The following was written by an AW adoptive mom of two from Ethiopia.
“Who does your Mama love?” “Me ~ and everybody!”
Tears come often and easily these days. I have often asked my children who
their Mama loves? This morning, I had to clarify when my nine year old son
added: “and everybody.” He told me, “you love everybody.” Wow! That is the
nicest thing that anyone has ever said to me. I have to admit that I am pretty
much in love with the entire world these days. This has not always been so. Let
me attempt to explain.
How many times have my circumstances dictated my attitude? For years, I wondered how to find joy? I could be joyful on those rare occasions when all was right with my little world. When the house was orderly, the children behaved, money in the bank, weeds out of the garden. When my friends were friendly enough, the weather warm enough and my love tank full enough. Needless to say, joy eluded me.
I worked endless hours, laboring to keep my world tidy enough. My love and affection were reserved for those who were “with the program” and furthering not hindering progress and order. So when a kind and loving God intervened to rescue me from myself and “ruin” my life, you can imagine the crisis that ensued.

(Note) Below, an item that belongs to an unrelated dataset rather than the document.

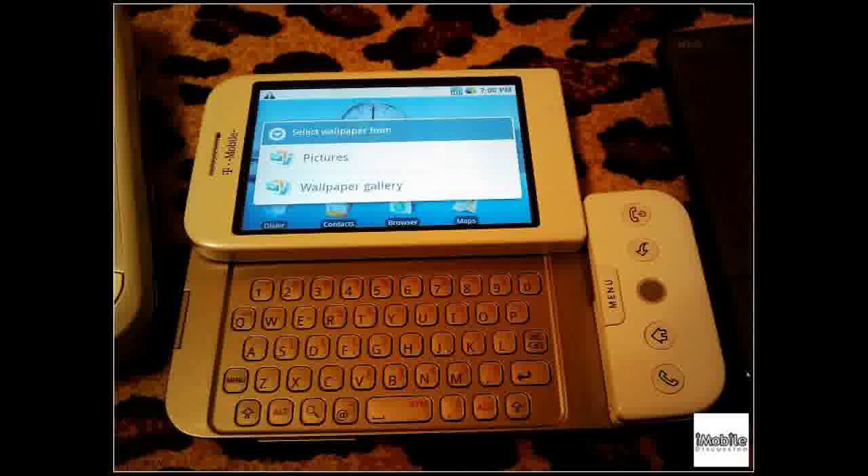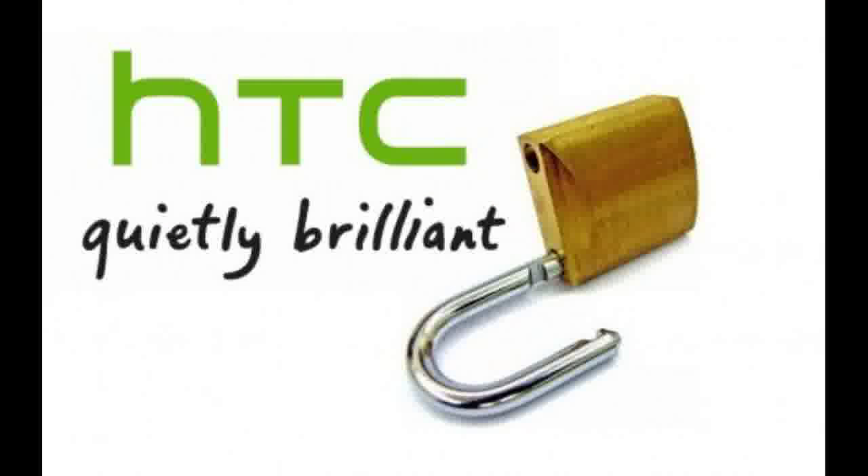I would recommend the Unlock Zone. Their site is nearly perfect and they were recommended highly in the cell phone forums. I used them to unlock my cell phone — contacted them and within 30 minutes I had my unlock code and my phone was unlocked. Hope this helps.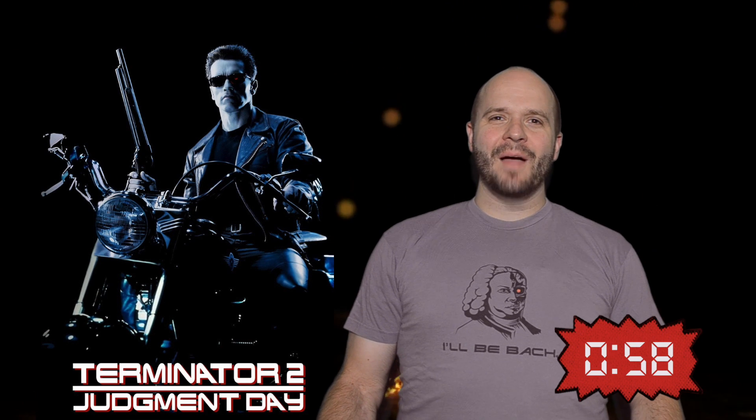It's arguably the greatest sequel of all time, and now Terminator 2: Judgment Day has returned to theaters with a few extra upgrades. This time converted to 3D, James Cameron's cinematic masterpiece is back.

The bottom of my fragile tidy world began dropping out a little over two years ago. I began reading books which questioned the American dream. Books which challenged me to wonder if there wasn’t more to life than getting ahead, having more flowers than the neighbors and growing retirement accounts? These questions basically took everything that I held dear, turned them upside down and gave them a good shake. This started a rebellion in me like nothing I had ever experienced. Suddenly, I questioned everything! Was there more to life than me and my little world?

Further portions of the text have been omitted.